O scarpariello “ non è quello del disegno di Palizzi la cui immagine correda l’articolo. Quello è ‘o solachianiello, che non aveva posto fisso, ma girava con gli attrezzi per i vicoli e cercava di salvare le scarpe dei poveri, che da tempo non erano più scarpe. “ ‘ O scarpariello “ appartiene al grado superiore della scala: ha il posto fisso, “ ‘o bancariello “, quasi sempre in un cortile, come Totò nel film “ San Giovanni decollato “. I rigatoni al pomodoro facevano parte di quella cucina d’’ o scarpariello, su cui venti anni fa scrisse uno splendido articolo Marco Guarnaschelli Gotti. A Napoli c’era una cucina dei “mestieri” la cui storia meriterebbe di essere raccontata.
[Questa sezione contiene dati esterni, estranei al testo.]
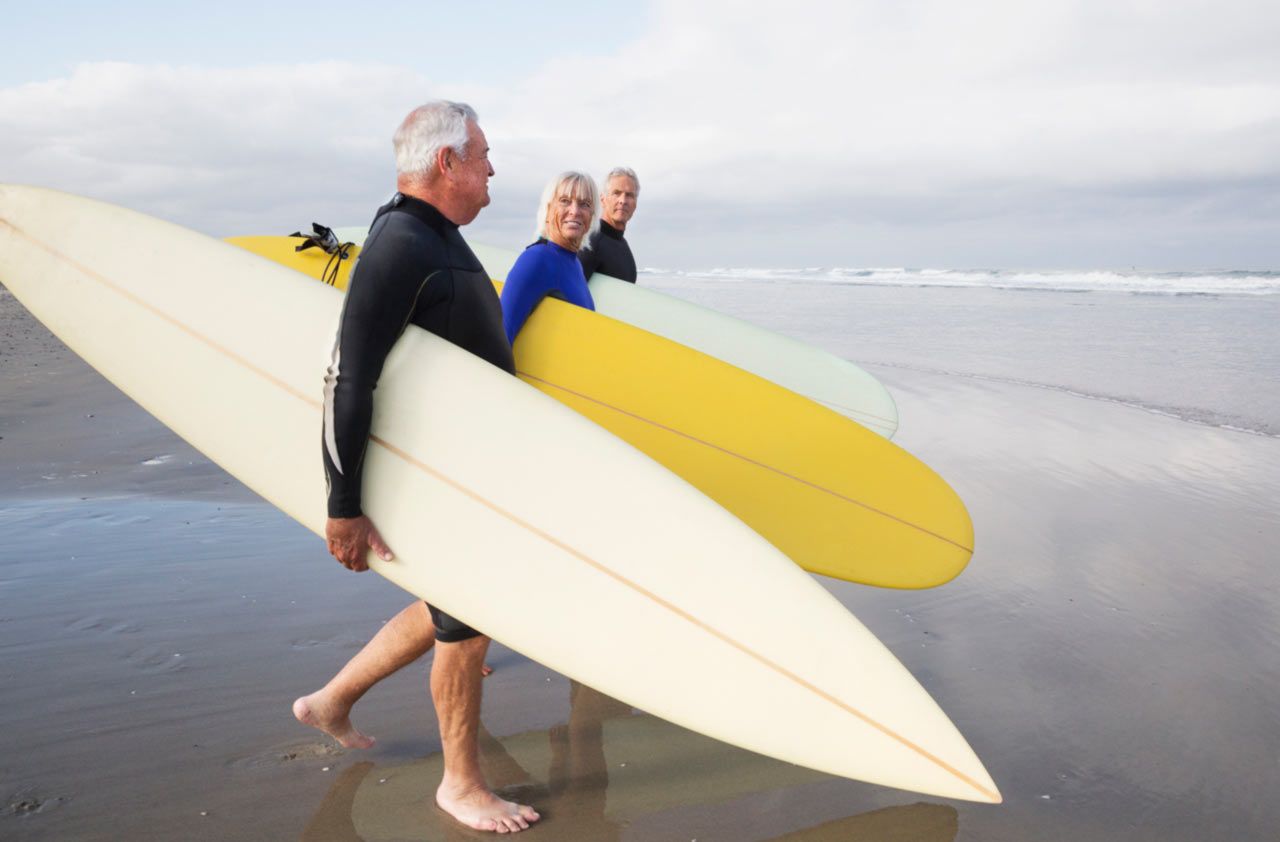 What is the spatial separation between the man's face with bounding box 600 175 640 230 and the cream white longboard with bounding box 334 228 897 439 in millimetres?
360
I “ portieri “, per esempio, erano considerati i maestri del ragù, perché avevano tutto il tempo per sorvegliare le complesse vicende della sua cottura, e, soprattutto, avevano qualche soldo per comprare i pezzi di carne necessari, mentre le parmigiane di melanzane e di zucchine e enormi cuozzi di pane, imbottiti di polpette e di cotiche, accompagnavano, nei loro viaggi, carrettieri, vatecari e cocchieri di carrozzelle. “ ‘ E scarparielli ”, che sul fornello scioglievano la pece e i colori per le scarpe, tra una ciabatta e l’altra, ripassavano a fiamma lenta la pasta “ soperchiata “ della sera prima o del mezzogiorno e la tiravano via al momento giusto, – il culmine della sapienza era nel cogliere questo attimo -, quando, a seconda della pietanza, la pasta “ si arroscava “ o “ si attassava “: in queste delicate azioni il pecorino e il cacio di Crotone svolgevano, in quei tempi lontani, il ruolo fondamentale. Questo piatto è la semplicità fatta perfezione: diceva John Singer Sargent che la grandezza dell’artista si vede meglio in un acquerello di tre pennellate che in un quadro a olio con dieci figure. Uno dei segreti è contemperare l’aggressività del peperoncino con i toni dello strutto di maiale.. E’ un piatto da “ a solo “: sono giustificate soltanto la presenza di un pezzo di pane cafone e la benedizione di un rosso del Vesuvio che sia vigoroso e nello stesso tempo delicato, e che, soprattutto, sia l’ “ anima “ autentica di uve autenticamente vesuviane.